I have yet to read a book that was "bad" by them.  The Death Gate Cycle is another classic by them, and I recommend both series to everyone.  You can't consider yourself a lover of fantasy until you've read Dragonlance (Well maybe, you can... lol).  

Has anyone else enjoyed the books from these authors as much as I have?


----------



## Ebo (Dec 15, 2005)

I keep on finding different books of the Death Gate Cycle, from random antique places to alleyway book stores. I've read three or four of them now, I can't remember. 
I wish I'd found them when I was younger, I found the last book of the series a few months back and although dissapointed is too strong a word, the ending didn't have enough punch and to be honest was completely predictable. I think the problem is that I've read more complex and boundary pushing books now and its going back to a simpler time then. 
That's not to say I didn't enjoy reading them then and if you enjoyed those then as you find other gems in the genre then you're joy will only increase 

ps Zifnab... WHY OH WHY did they put him in? Talk about shattering suspension of disbelief. One of my most hated characters of all time.


----------



## Walker Pierce (Dec 15, 2005)

I love MW and TH. They are, in my opinion, two of the most gifted writers, and great  duo writers. I agree that I only really get that "spark" of enthusiastic reading when I read a Dragonlance book by them, and not by another DL author.


----------



## Talia_Brie (Dec 16, 2005)

The DragonLance books were essentially a 'beginners guide' to fantasy, IMO. All the archetypes were there, including white, red and black mages.

That being said, Weis and Hickman were very resticted in what that could do because they were writing in an established gaming universe. Overall I enjoyed these books when I read them, but I quickly moved on to better writers.


----------



## Elvenswordsman (Dec 17, 2005)

I can't say as much as i've only read a few books by them (i'm reading the Sovereign StoneTrilogy, it's pretty good though a bit predictable) but i do love their writings. Actually they were 2 of 4 writers who got me started writing fantasy.

The first fantasy book i ever read was by David B. Coe(most amazing author ever) That got me hooked all over the fantasy thing(before i was reading comics and that sorta junk(thank god for Mr. Coe))

The second i read was written by Robert E. Feist(Another amazing writer)

I was then reffered to the dragonlance series and i found a complete 2 sets by margaret and tracy.

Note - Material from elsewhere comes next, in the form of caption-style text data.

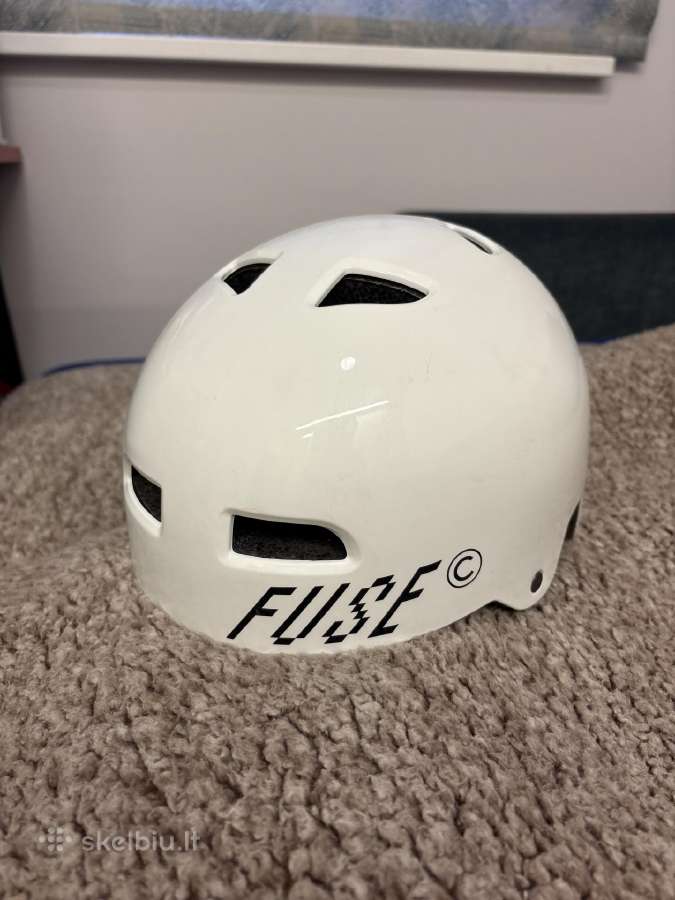 Fuse šalmas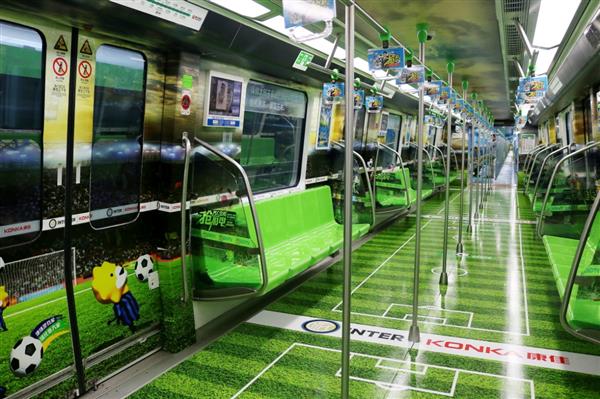 地铁变画风,南京地铁变装视频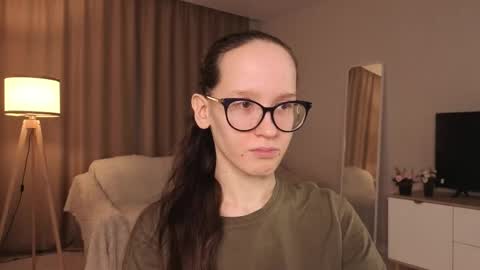 Sara online show from April 25, 4:15 pm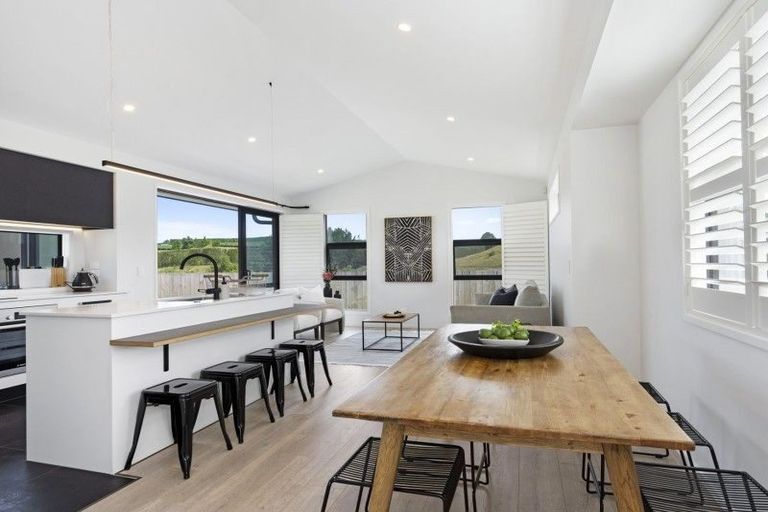 Photo of property in 38 Puhirake Crescent, Pyes Pa, Tauranga, 3112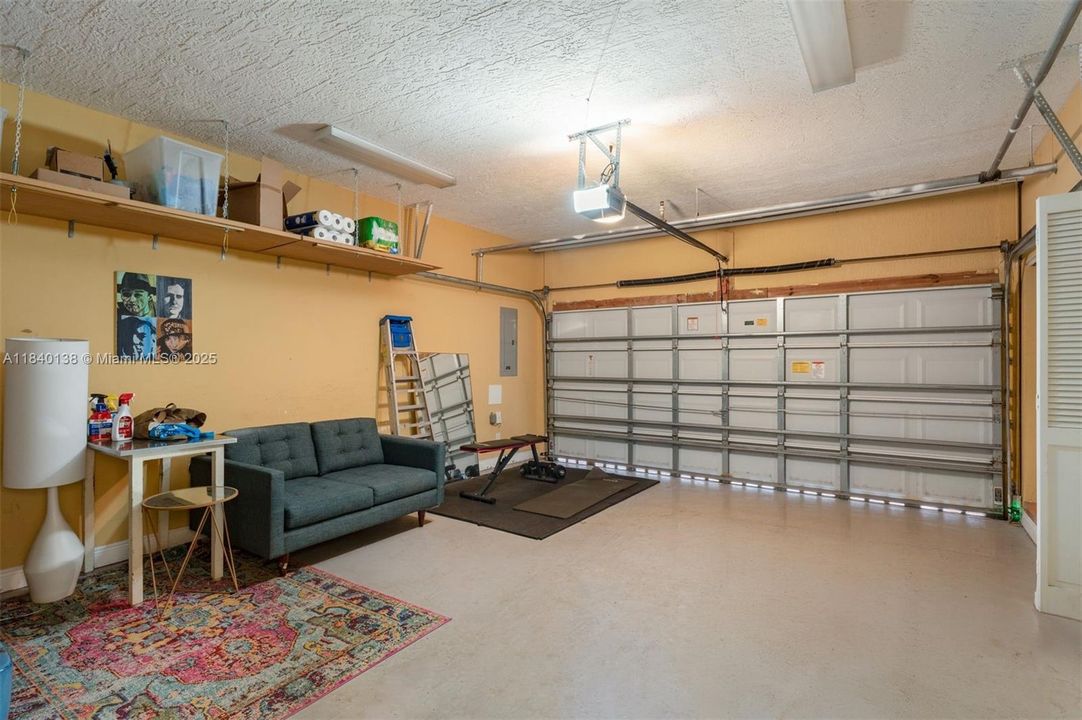 На продажу: $899,000 (2 спален, 2 ванн, 1050 Квадратных фут)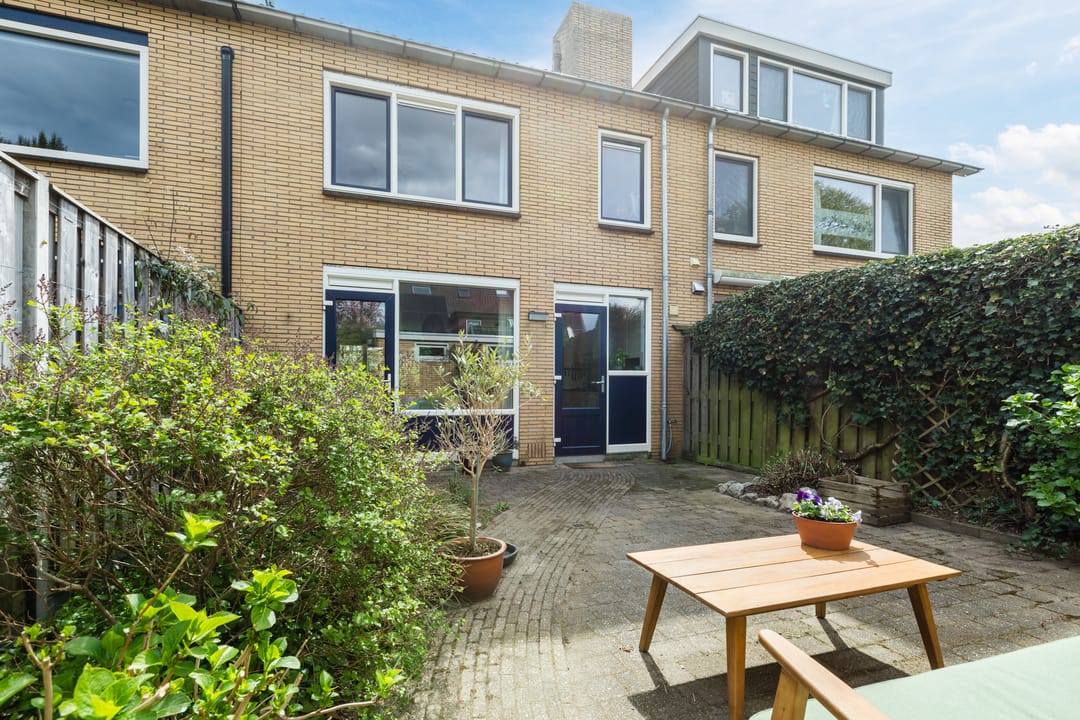 Photo 52 of Jan van Riebeeckstraat 26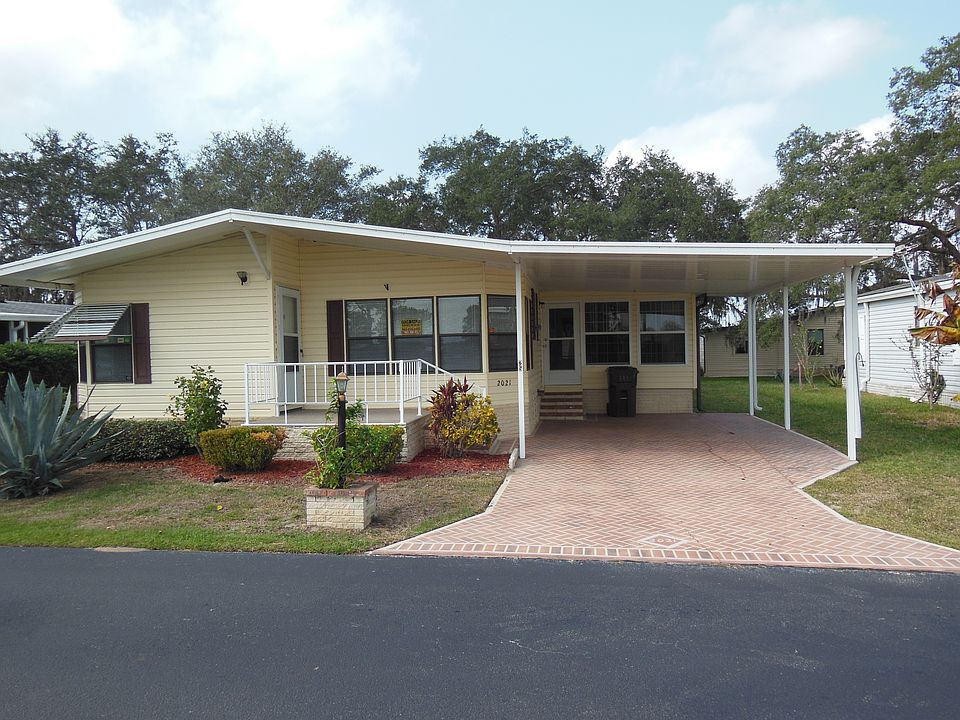 1st image of 2027 Tower Lakes Blvd
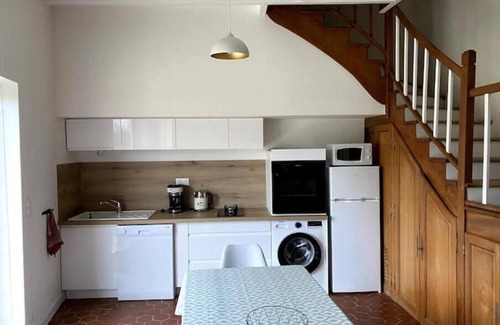 Arcais Maison | Une maraîchine en bord de conche (avec barque)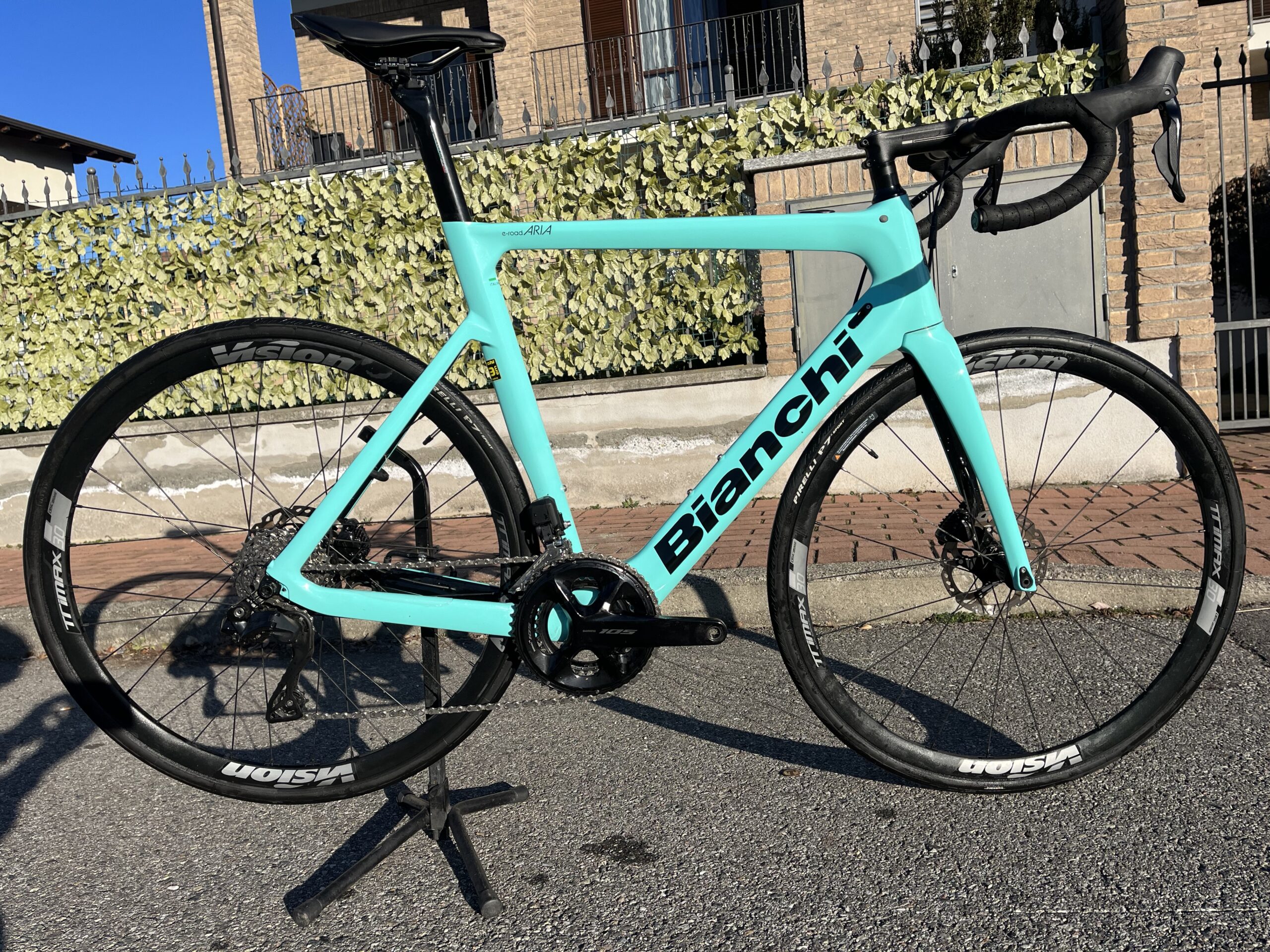 E-bike Bianchi Aria E-Road groupset side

So there we are...a lil' off topic i went but oh well. and o yes...                     

Merry Christmas!


----------



## Iholly (Jan 3, 2006)

I enjoyed the Dragons of.. series and the twins series. I read them a while back, but they were good. I agree that it is very standard fantasy, but it is still good.


----------



## Silvereagle (Jan 6, 2006)

You know. THe Death Gate Cycle was great because of that one wizard quoting Gandalf. "and that other one. Very good at jewelry and had a taste for fireworks" or something like that and the "fly you fools". THat was great. He was also a great weirdo wizard. Awesome


----------